Home | Reviews | Articles | Festivals | Competitions | Other | Contact Us
Google
WWW MUSICALPOINTERS

Barry Guy Folio
ECM New Series 1931 476 3053

Stravinsky woke from a dream and immediately composed his Octet for the unusual instrumental line up he had seen in his sleep. Barry Guy's dream (illustrated) helped him to structure this commission for the BT Scottish Ensemble.

It stems from his having read an Evrenov play; better, before tackling Brian Lynch's commentary, to hear the music first.

The hour-long work is designed with sections for string orchestra with solo violinists (baroque and 'normal') and improvised insertions featuring Guy's own double bass.

It can be given complete, as here and as scheduled for this autumn's Huddersfield Festival of Contemporary Music, or alternatively its "stand alone" sections for string orchestra and solo violin can be performed outside of the entire Folio.

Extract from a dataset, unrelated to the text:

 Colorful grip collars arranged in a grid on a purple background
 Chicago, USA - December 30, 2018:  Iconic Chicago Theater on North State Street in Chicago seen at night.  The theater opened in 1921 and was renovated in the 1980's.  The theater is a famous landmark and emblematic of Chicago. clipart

Limiting himself to strings alone, Guy entrances with a limitless range of colours, and it is especially piquant to be able to compare and contrast his partner Maya Homburger's baroque violin with Muriel Cantoreggi's modern instrument. Whatever the calculations and systems brought into play, be in no doubt that this is music of emotion and passion, a score which should raise the roof at Huddersfield's St Paul's Hall in November.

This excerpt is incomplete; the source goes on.